Proofs make up the main part of $\mathsf{Pr} \infty \mathsf{fWiki}$. This page lists information regarding their page structure.

Introduction

One theorem per page

The rule is to present only one theorem per page. Theorems with more than one statement have to be refactored. Reasons not to allow multiple results are:

• If there are Multiple Proofs of one or all of the statements, organizing the proofs becomes impractical.
• The page title becomes less meaningful.

In order to maintain an overview of related theorems, a page called Properties of (Something) can be created, with multiple theorems (but not the proofs) transcluded.

For an example of how this is done, see Trigonometric Identities.

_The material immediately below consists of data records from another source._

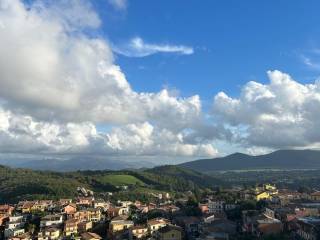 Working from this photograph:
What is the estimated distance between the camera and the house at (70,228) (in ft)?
234

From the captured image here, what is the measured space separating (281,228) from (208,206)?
2573cm

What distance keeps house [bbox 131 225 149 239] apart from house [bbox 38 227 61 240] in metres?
13.4

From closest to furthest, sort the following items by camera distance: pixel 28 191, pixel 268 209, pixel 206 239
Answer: pixel 206 239
pixel 268 209
pixel 28 191

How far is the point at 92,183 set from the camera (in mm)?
165000

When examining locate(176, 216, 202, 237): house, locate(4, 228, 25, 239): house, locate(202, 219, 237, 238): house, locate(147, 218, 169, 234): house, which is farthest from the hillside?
locate(202, 219, 237, 238): house

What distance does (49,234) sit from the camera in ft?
225

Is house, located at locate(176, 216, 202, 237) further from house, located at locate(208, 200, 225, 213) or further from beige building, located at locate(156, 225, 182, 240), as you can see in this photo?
house, located at locate(208, 200, 225, 213)

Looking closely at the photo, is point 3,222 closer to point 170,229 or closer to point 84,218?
point 84,218

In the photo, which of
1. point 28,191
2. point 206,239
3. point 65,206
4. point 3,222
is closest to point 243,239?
point 206,239

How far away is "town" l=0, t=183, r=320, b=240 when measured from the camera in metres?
57.6

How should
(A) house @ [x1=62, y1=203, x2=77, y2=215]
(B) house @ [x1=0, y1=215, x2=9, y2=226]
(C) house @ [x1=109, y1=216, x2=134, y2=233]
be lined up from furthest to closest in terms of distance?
(A) house @ [x1=62, y1=203, x2=77, y2=215], (B) house @ [x1=0, y1=215, x2=9, y2=226], (C) house @ [x1=109, y1=216, x2=134, y2=233]

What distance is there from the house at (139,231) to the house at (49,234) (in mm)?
13438

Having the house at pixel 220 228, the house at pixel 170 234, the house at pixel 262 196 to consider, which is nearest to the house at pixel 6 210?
the house at pixel 170 234

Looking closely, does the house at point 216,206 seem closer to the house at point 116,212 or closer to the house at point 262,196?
the house at point 262,196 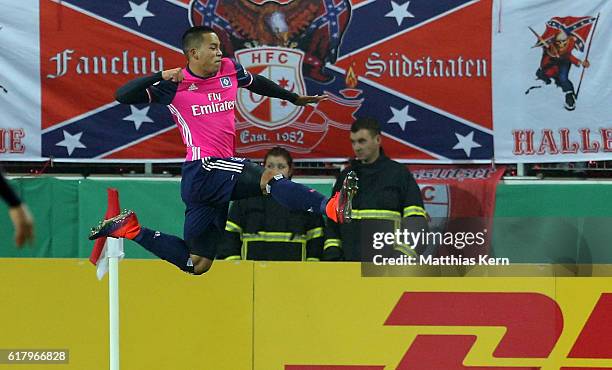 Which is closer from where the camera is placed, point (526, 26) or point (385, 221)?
point (385, 221)

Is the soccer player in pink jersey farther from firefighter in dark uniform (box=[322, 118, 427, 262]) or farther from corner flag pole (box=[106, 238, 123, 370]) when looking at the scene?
firefighter in dark uniform (box=[322, 118, 427, 262])

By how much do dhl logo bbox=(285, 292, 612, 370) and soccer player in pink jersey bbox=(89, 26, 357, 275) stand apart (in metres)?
1.23

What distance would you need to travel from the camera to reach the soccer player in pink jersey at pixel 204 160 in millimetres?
8977

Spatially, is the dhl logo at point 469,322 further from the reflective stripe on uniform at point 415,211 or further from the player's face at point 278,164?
the player's face at point 278,164

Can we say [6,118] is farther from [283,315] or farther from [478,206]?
[478,206]

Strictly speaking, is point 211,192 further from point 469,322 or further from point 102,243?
point 469,322

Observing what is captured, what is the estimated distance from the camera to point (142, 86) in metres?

Equivalence proofs are an exception to this rule: they may show the equivalence between more than two statements. For the precise policies on it, see Help:Equivalence Proofs.

Multiple Proofs

$\mathsf{Pr} \infty \mathsf{fWiki}$ strives to present as many proofs as possible, including multiple proofs of the same theorem. Each proof is placed on a subpage and transcluded as a separate section.

Page structure

Proofs follow the standard structure of pages, as explained at Help:Page Structure. We list here additional elements that are specific to proofs.

Lemmas

Lemmas that do not otherwise merit their own page, are put on a subpage of the proof page. They are:

• transcluded below the "Proof" section heading
• followed by a horizontal line.

In order to keep pages concise, it is usually a good idea not to transclude the proof of the lemma:

...

== Proof ==

=== First transcluded lemma ===

=== Second transcluded lemma ===

----

The rest of the proof.


Corollaries

Corollaries are treated like lemmas, but are transcluded right before the "Proof" section heading.

Q.E.D

For the mathematical context, see Definition:Q.E.D.

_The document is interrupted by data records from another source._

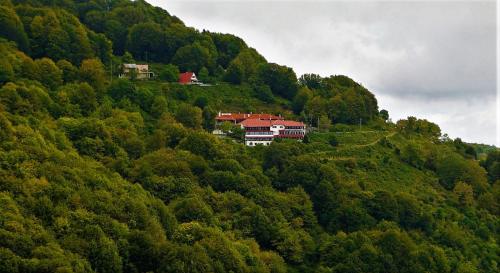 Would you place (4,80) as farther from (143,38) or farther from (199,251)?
(143,38)

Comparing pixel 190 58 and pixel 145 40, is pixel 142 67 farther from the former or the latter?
pixel 190 58

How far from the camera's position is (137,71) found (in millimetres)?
96375

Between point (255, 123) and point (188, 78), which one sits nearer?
point (255, 123)

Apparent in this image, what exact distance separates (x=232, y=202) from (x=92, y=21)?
197 ft

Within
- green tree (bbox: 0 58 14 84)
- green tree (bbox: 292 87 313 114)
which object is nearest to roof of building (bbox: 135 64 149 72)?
green tree (bbox: 292 87 313 114)

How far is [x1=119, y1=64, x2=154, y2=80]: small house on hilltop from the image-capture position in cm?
9450

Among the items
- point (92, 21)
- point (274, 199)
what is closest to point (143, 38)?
point (92, 21)

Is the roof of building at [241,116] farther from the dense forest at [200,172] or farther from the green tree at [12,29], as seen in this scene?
the green tree at [12,29]

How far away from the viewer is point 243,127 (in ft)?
272

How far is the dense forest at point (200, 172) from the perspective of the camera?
45344 mm

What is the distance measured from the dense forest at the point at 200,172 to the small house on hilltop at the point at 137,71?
212 cm

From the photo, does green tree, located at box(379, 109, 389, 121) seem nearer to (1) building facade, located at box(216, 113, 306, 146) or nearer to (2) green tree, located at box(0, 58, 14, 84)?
(1) building facade, located at box(216, 113, 306, 146)

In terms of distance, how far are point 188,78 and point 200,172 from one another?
36.1 meters

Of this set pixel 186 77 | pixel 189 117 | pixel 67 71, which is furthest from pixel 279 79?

Each proof, whether of a theorem or a lemma, is concluded using a Halmos Symbol, which can either be $\blacksquare$ or $\square$. It has multiple advantages:

• It gives a clear indication of the end of the proof.
• The qed template adds the page to the Proven Results category. This allows to count the number of proofs.

For instructions, see the qed template.

Types of proofs

Equivalence Proofs

Proofs that show the equivalence of two or more statements are subject to a particular structure. See Help:Equivalence Proofs.